Hmm, OK, I'm not exactly sure what the problem is. One thing I noticed is that it looks like you are pointing to a different directory -d when you run teflon.v0.4.py relative to when you run teflon_collapse.py, teflon_count.py, and teflon_genotype.py. Also did you sort and index your .sam file? I'm not seeing that in your original list of commands.

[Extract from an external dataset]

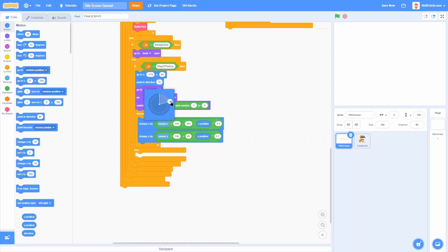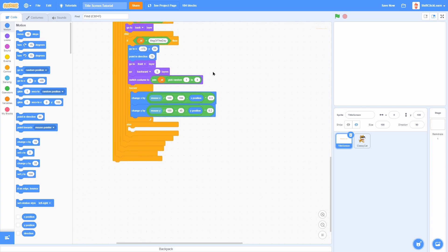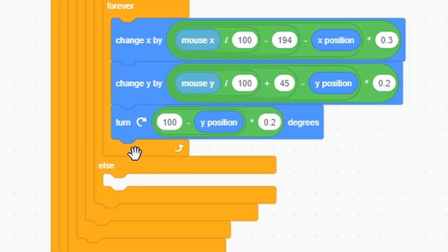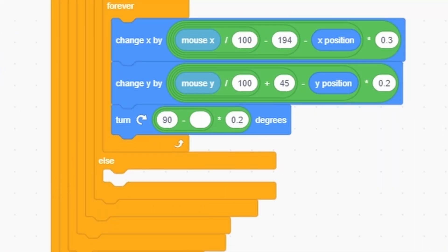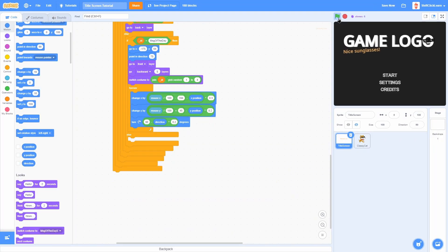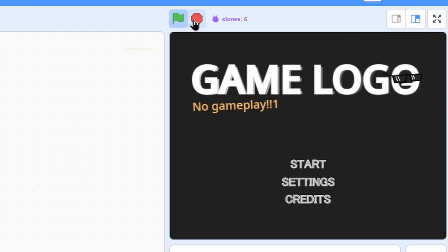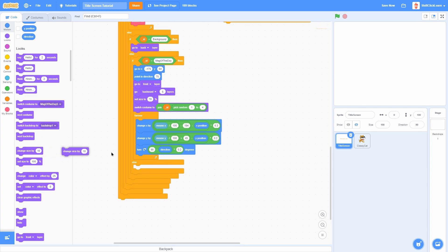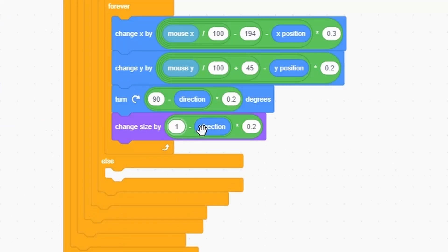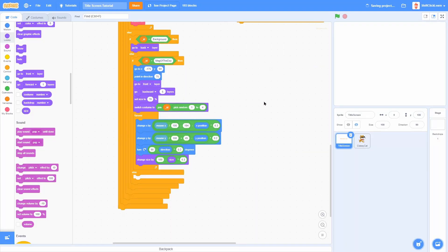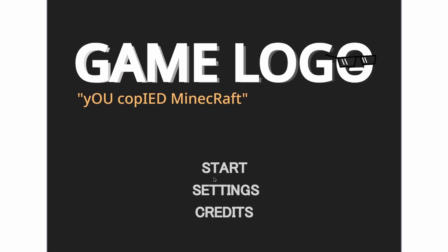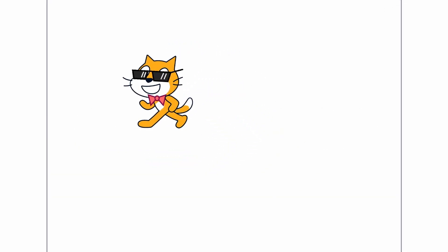Let's make it cooler by adding rotation. In the beginning, point direction 75. Then turn by 90 minus direction times 0.2 — this smoothly rotates it to 90 degrees. Also set the size to 70 at the start, then change size by 100 minus size times 0.3 so it lerps to full size. With all these effects — smooth motion, parallax, rotation, and size grow — the Message of the Day looks really, really nice. Hover over the buttons, click Start, it fades out, and the game begins.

Can you try modifying the template provided here https://github.com/jradrion/TEFLoN/blob/master/test_files/sample_pipeline.sh with your data, and run the commands that way, just so I make sure we're on the same page.

jradrion commented 3 years ago

I'm going to go ahead and close this issue since there haven't been any updates in about 6 months. Feel free to reopen it if necessary.